Exercise requirements – Look in the data below for the line that has "Red Jasper Pig Head 2inch (5cm) A", then print exactly every line from there through the line that has "易威斯堡（EasySport）休闲帐篷 三人全自动速开帐篷 ES-TN003", leaving pictures out.

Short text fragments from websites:
BEGIN

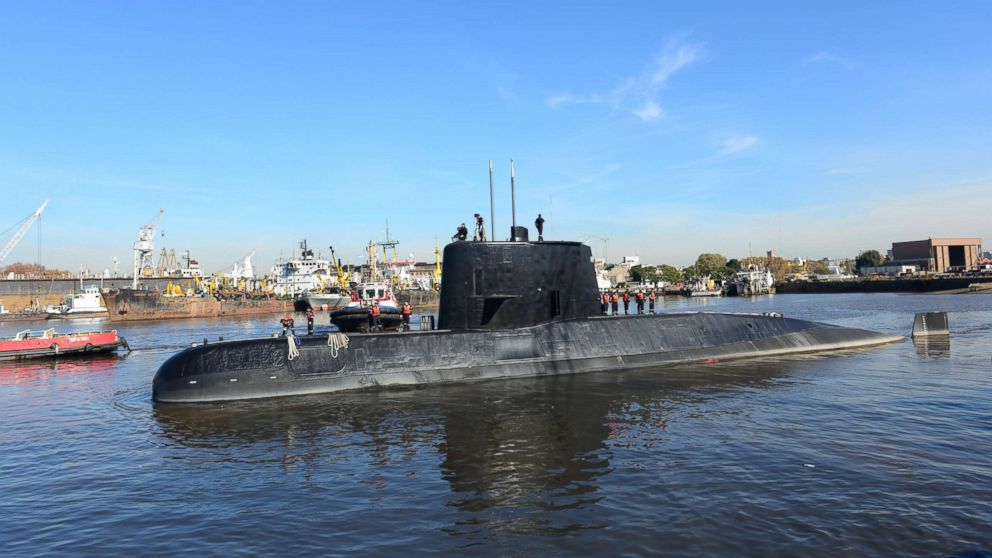 An undated handout photo made available by the Argentine Navy shows the ARA San Juan submarine that disappeared off Argentina's coast with a crew of 44. The US Navy is in the process to deliver Argentina a deep sea  rescue chamber and other aid to assist Argentina in their search efforts.  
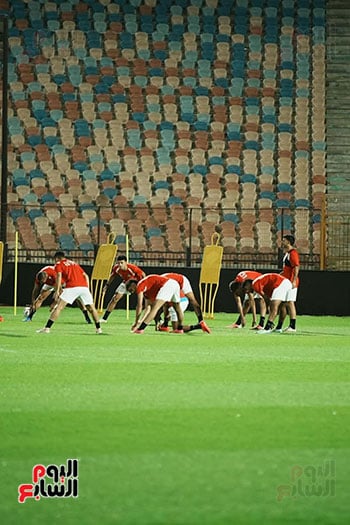 مران منتخب مصر باستاد القاهرة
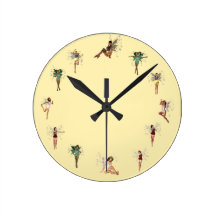 Dancing Fairies Clocks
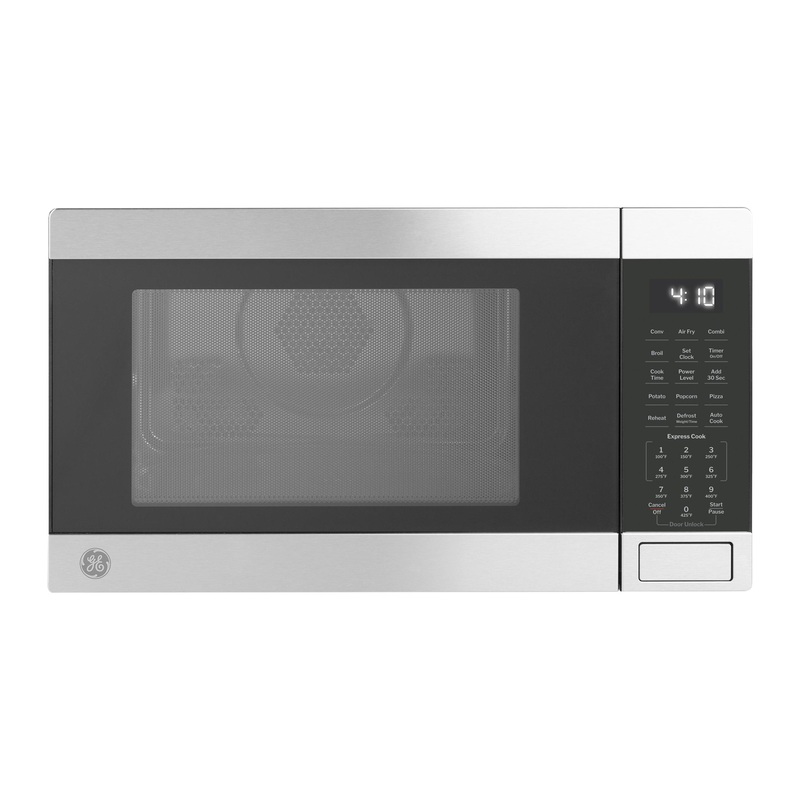 GCST10A1WSS GE 1.0 Cu. Ft. Capacity Countertop Convection Microwave Oven with Air Fry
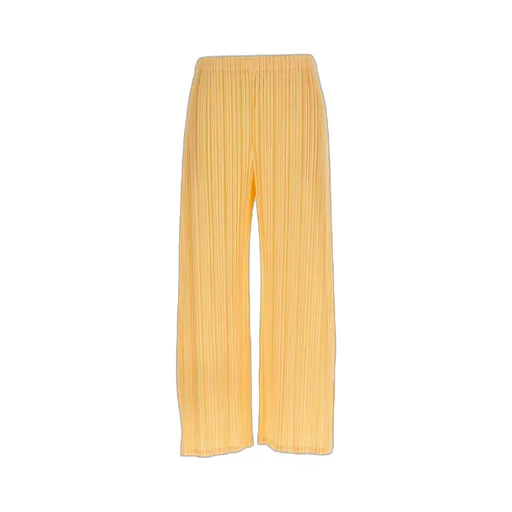 Pleats Please Issey Miyake Elasticated Waistband Pleated Trousers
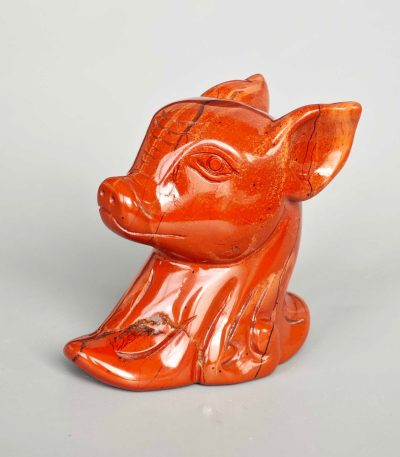 Red Jasper Pig Head 2inch (5cm) A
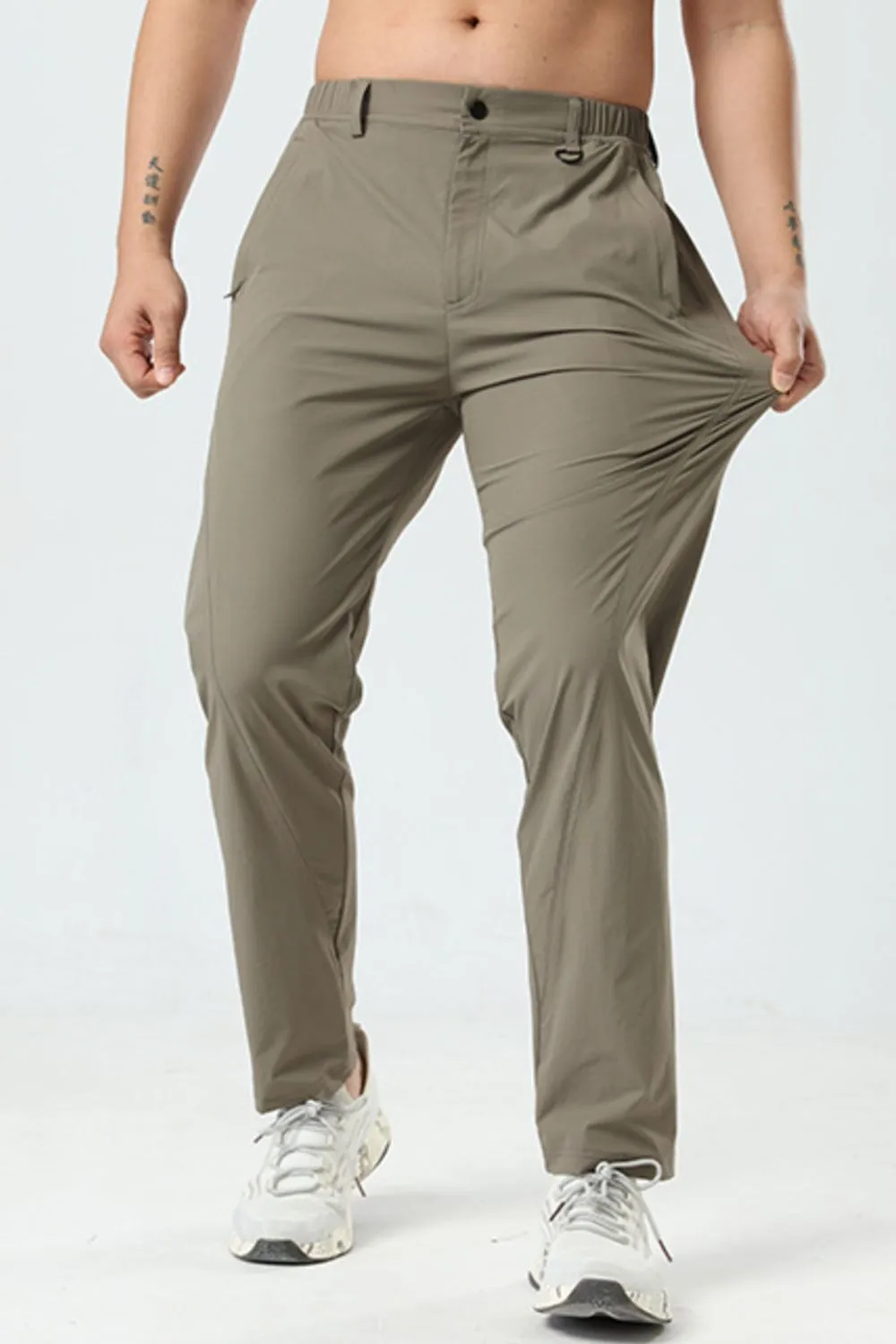 Men's Plus Size Casual Pocketed Pants, image 2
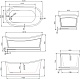 BelBagno Акриловая ванна BB32-MATT 168x90 – картинка-6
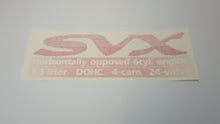 SVX Stripe Red Story White Text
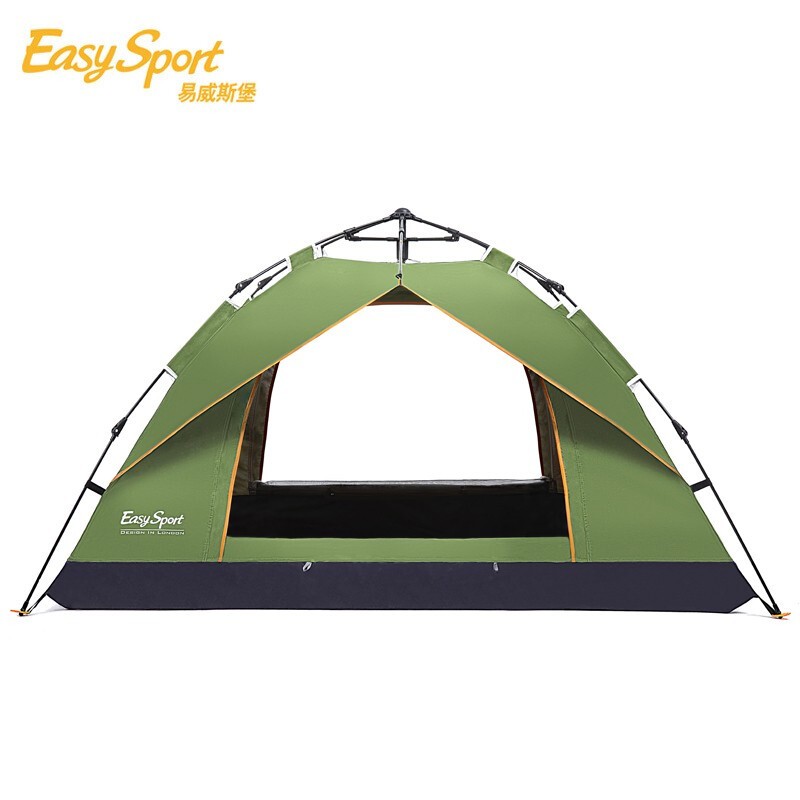 易威斯堡（EasySport）休闲帐篷 三人全自动速开帐篷 ES-TN003  军绿色  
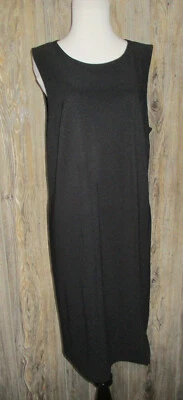 Fashion Bug Black Sleeveless Polyester Spandex Dress Womens Size 16 NWT Classic - Image 1 of 4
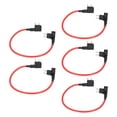 thumbnail image 3 of Double End Car Add Circuit Fuse Adapter Set Stable Simple Installation Blade Fuse Adapter Kit 14AWG, 3 of 8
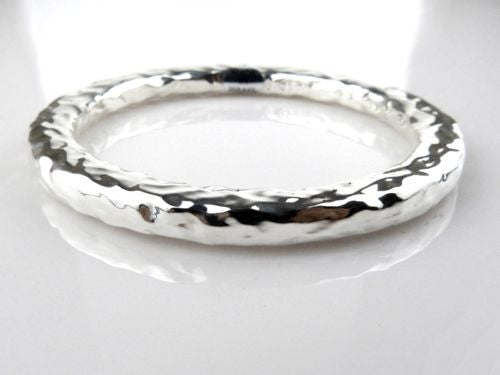 Simon Sebbag Hammered Sterling Silver 925 Bracelet B1259 SS - ILoveThatGift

END

Solution to this task –
 Red Jasper Pig Head 2inch (5cm) A
 Men's Plus Size Casual Pocketed Pants, image 2
 BelBagno Акриловая ванна BB32-MATT 168x90 – картинка-6
 SVX Stripe Red Story White Text
 易威斯堡（EasySport）休闲帐篷 三人全自动速开帐篷 ES-TN003  军绿色  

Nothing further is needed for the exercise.